[Start of section]

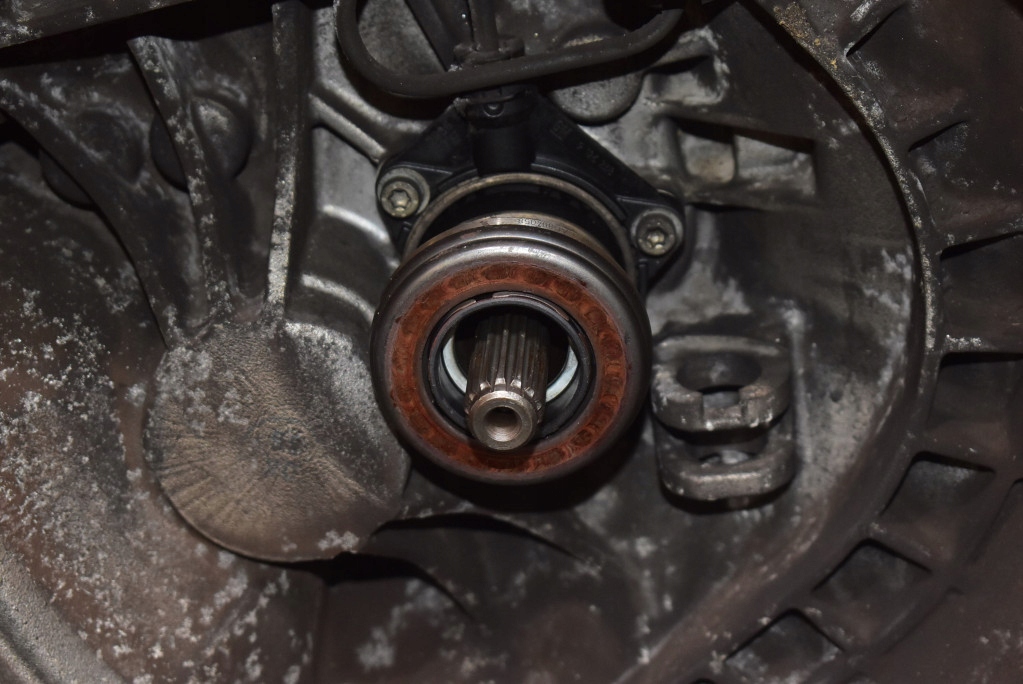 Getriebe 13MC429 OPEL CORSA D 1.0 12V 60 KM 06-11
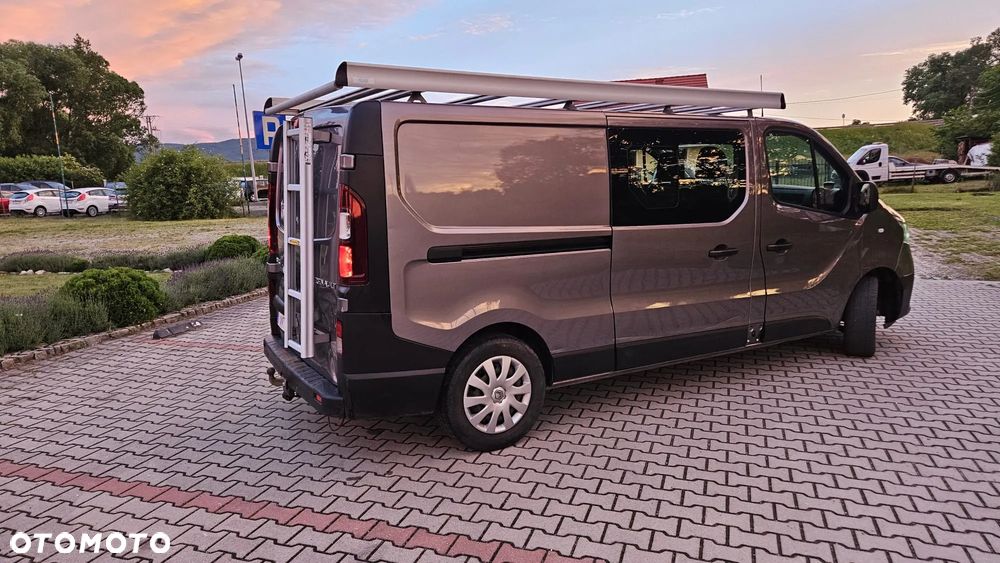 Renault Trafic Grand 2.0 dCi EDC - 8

[End of section]
[Start of section]

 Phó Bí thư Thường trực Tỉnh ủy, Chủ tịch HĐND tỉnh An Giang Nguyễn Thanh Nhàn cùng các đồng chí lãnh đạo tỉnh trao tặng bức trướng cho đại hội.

[End of section]

REQUIREMENT => Write out word for word the lines of the listing above from the line with "Getriebe 13MC429 OPEL" to the line with "Renault Trafic Grand 2.0 dCi EDC - 8", taking in both of those lines but no pictures.

TASK RESULT =>
 Getriebe 13MC429 OPEL CORSA D 1.0 12V 60 KM 06-11
 Renault Trafic Grand 2.0 dCi EDC - 8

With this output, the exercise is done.